Structure of visual-semantic attention interaction prompt learning (VAIPL). It uses the text embeddings as query vectors after max-pooling, and the visual encoder’s output features as key and value vectors. The first multiplication sign represents the product of text features (Q) and image features (K), while the second multiplication sign represents the product of the attention map (the product of Q and K) and image features (V).

The implementation of the VAIPL method is to apply cross-attention between instance-level image features from the visual encoder and text input embeddings and generate instance-level image-weighted text features through a nonlinear projection structure, referred to as semantic interaction prompt features. VAIPL helps the vision-language model learn patterns that identify and extract features beneficial for cross-modal alignment from specific data distributions. VAIPL ensures that semantic interaction prompt features can be integrated into text features in a language-compatible form, thereby enhancing the vision-language model’s modality alignment capability in generalization scenarios.

Additionally, we use CLIP’s handcrafted template “a photo of a CLASS” to nest the annotations of different datasets at the text embedding input layer.
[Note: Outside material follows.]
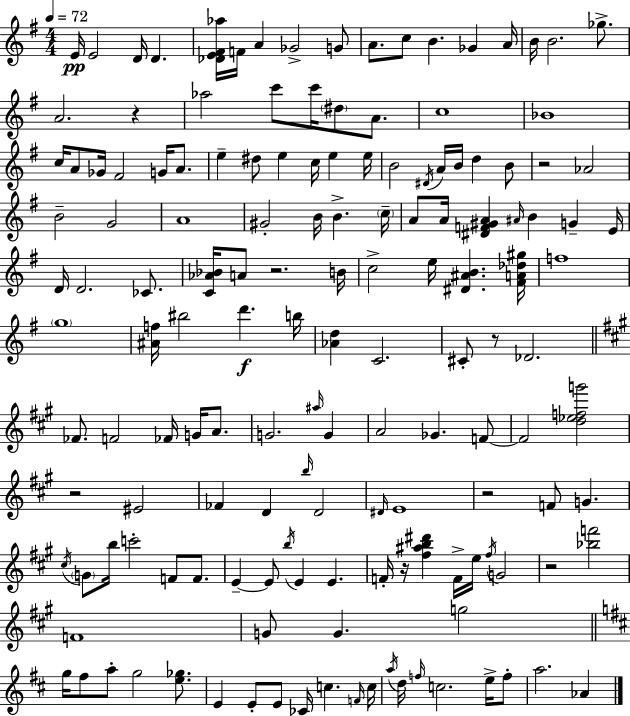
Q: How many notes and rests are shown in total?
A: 150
This method alleviates text feature mismatches and training instability issues during the domain generalization process.

VAIPL consists of multiple transformer decoder layers, a max-pooling function, and a nonlinear projection structure. Assuming $T F_{μ} (\cdot)$ represents the cross-attention structure defined by training parameters $μ$ , and $G_{ϵ} (\cdot)$ represents the nonlinear projection structure defined by training parameters $ϵ$ , it can be expressed by equation (12):

\begin{aligned} G_{ϵ} (\cdot) = [{MLP}_{ϵ}^{up-dimension} (\cdot), ReLU (\cdot), {MLP}_{ϵ}^{de-dimension} (\cdot)], \end{aligned}

(12)where MLP denotes a multilayer perceptron, de-dimension denotes dimensionality reduction, up-dimension denotes dimensionality increase, and

[;]

denotes concatenation.

VAIPL can be defined by equation (13):

\begin{aligned} {VAIPL}_{μ, ϵ} = [Maxpooling (\cdot), {TF}_{μ} (\cdot), G_{ϵ} (\cdot)], \end{aligned}

(13)where Maxpooling denotes the max-pooling function.

Assuming ${c_{i}}_{i = 1}^{L}$ are the class word embeddings in the dataset $D$ , where $L$ is the number of classes, the sentence embeddings ${c_{i}^{t m p}}_{i = 1}^{L}$ after manual template nesting can be expressed by equation (14):

\begin{aligned} {c_{i}^{tmp}}_{i = 1}^{L} = {WordEmb}_{CLIP} ([a photo of, {c_{i}}_{i = 1}^{L}]), \end{aligned}

(14)where

{WordEmb}_{CLIP} (\cdot)

denotes CLIP’s word embedding method, and

[;]

denotes concatenation.

\begin{aligned} {P_{i}}_{i = 1}^{L} = {VAIPL}_{μ, ϵ} ({c_{i}^{tmp}}_{i = 1}^{L}, Z_{image}) = G_{ϵ} ({TF}_{μ} (Maxpooling ({c_{i}^{tmp}}_{i = 1}^{L}), Z_{image})) \end{aligned}

(15)where

Z_{image} = V_{M} (X_{M - 1})

3.2.3. Multimodal Coupling Prompt Learning CLIP (MCPL-CLIP)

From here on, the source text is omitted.